If Brass marked Walsh’s arrival as a voice, Once Upon a Time in England signals her emergence as a serious novelist. Where her debut was naked, angry, uncompromising and occasionally frantic, the follow-up is more focused, plot-driven, sensitive and romantic in places, if no less disturbing in others. A tale of ‘doomed love and its repercussions’ set in Walsh’s native Warrington from 1975–1989 against a backdrop of urban decay, poverty and rising subscription to the National Front, it follows the Fitzgerald family – Irish father and gifted soul singer Robbie, Malaysian mother Susheela and their mixed-race children Vincent and Ellie – as they struggle to survive. Beset by eternal misfortune, yet somehow still deeply passionate and aspirational, they’re a family who could etch themselves into the stoniest of hearts.
‘It came in the wake of my reading Theodore Dreiser’s An American Tragedy,’ she explains, of Once Upon a Time in England’s origins. ‘It’s that whole kind of stand-off between existentialism and fatalism; that fate is determined by environmental constraints and hereditary predispositions and that, in a sense, there’s no free will. I wanted to do that with the Fitzgeralds. Robbie and Susheela are doomed right from the very beginning.’ Within the first few pages Susheela has been subjected to a sickening, racially motivated sexual assault. It sets her young family on a slow downward trajectory over two decades. Robbie has to give up on his hopes of stardom and submit to a soul-destroying nine-to-five factory grind. Susheela, traumatised and disenchanted, grows distant from her husband and pines for Kuala Lumpur. Vincent is a talented writer, but also reclusive and effeminate and picked on for it, not least by his father. Ellie is an intelligent, lovable tomboy, but is lured off-piste by ecstasy.
Like Brass, Once Upon a Time in England is a deeply personal novel.
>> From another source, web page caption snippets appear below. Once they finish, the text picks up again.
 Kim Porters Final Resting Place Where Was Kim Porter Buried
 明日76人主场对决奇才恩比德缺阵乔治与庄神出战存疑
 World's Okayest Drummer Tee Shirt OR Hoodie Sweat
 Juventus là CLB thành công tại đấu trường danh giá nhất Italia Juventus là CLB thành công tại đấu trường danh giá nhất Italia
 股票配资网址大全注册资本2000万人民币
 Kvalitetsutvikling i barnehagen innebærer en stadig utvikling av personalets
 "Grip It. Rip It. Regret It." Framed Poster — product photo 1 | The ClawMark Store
Walsh’s mother too is Malaysian, and married to a musician. Together, they raised a mixed race son and daughter, ‘the only brown kids on an all white estate’, as Walsh puts it. It’s not autobiographical, she insists, but more so a fictionalised tale superimposed onto elements of her own reality. ‘There was a time towards the end when I think those boundaries did kind of blur though,’ Walsh admits.
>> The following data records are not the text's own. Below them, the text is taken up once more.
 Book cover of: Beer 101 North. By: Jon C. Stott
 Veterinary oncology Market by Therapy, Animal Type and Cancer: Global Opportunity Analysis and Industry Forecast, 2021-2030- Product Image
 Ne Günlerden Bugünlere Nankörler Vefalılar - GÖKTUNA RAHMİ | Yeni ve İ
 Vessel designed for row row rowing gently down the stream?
Particularly in the case of Ellie, who experiences a spiritual awakening of sorts upon discovering acid house at the Warrington nightclub Legends, just as Walsh did in 1990. The scenes there are vivid and euphoric: a manifestation of the reverence in which the author holds her memories of the time. In the novel, the divergence from her reality comes when Ellie is shocked into realising how transient the experience is. Walsh clung on to watch acid house die ‘a very slow death of self-parody’, as the ‘pills got shite’ and the music found its way onto Top of the Pops.
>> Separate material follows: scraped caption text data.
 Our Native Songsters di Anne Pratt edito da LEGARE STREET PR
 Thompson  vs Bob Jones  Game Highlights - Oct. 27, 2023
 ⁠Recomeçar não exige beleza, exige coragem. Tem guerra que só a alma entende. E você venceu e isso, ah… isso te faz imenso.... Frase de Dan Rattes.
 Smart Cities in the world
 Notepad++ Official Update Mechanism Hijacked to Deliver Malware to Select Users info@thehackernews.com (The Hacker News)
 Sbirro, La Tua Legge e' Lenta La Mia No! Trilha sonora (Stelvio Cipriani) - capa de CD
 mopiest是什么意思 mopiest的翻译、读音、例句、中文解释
‘Because I was so young and naïve and vulnerable, I saw it (acid house) as something more profound and infinite than it actually was,’ she explains. ‘When it collapsed, it was like, “Fuck, I’ve invested so much. I’ve basically messed up my relationship with my parents and severed the umbilical cord with everyone and everything to be part of this quasi-family that actually, outside the dance floor, doesn’t exist.” When it crumbled a number of people felt phenomenally let down and cheated and moved into heroin.’
Walsh moved into the only marginally less seedy and dangerous world of cocaine. ‘I was incredibly naïve and would accept drugs for freebies from anyone and everyone thinking it was all part of the beneficent spirit of ecstasy culture. This kind of debt came home to roost.’ Fearing for her own and her parents’ lives, she made a midnight bunk to Barcelona. There she snorted herself into such a depressed, broke and paranoid stupor that she was scared to leave her apartment. Her mother, ever faithful, would dutifully send her daughter a tenner every few weeks. Walsh eventually travelled back to England, started a sociology degree at Liverpool Uni and began a long process of sobering up, the end result of which was Brass.
‘That book really was me calling time on all that kind of heavy indulgence,’ she says. ‘It was a purge. Almost like lancing a boil. Because it was so, so easy to write. There was no struggle, no crisis of confidence, it really just wrote itself.’ Writing Once Upon a Time in England was a much more complicated, pressured process, partly because of the weight of expectation, partly because Walsh knew she was laying herself bare again. She finds it far easier discussing her work with journalists and strangers than she does friends and family. ‘I find it difficult talking about books and writing and owning up to being a novelist, because it’s all incredibly personal. Even if I’m writing a short story on a subject that has absolutely no autobiographical element whatsoever. I’m incredibly anxious when I have to hand it over to the outside world, and I feel incredibly naked and exposed.’
Writing fiction doesn’t have to be so personal though; Walsh just chooses to make it so. And it’s that, perhaps more than anything, which renders both novels such compelling reads – the constant interplay between imagination and tangible, gritty fragments of a real life, lived, for better or for worse, to extremes. Casting a look back over her teens, as she did when writing Once Upon a Time in England, did it make Walsh feel lucky that she has gone on to become a successful author, rather than something much grimmer? ‘Definitely. But I don’t think there’s any kind of turn I’ve taken, left or right, that’s come to haunt me. I think if I’d ended up in a deadend nine-to-five job, or a heroin addict, I might look back and lament those periods of my life and regret that I’d made wrong decisions. But if you can utilise or appropriate it in a way, nothing’s wasted.’
Once Upon a Time in England is published by Canongate on Thu 13 Mar.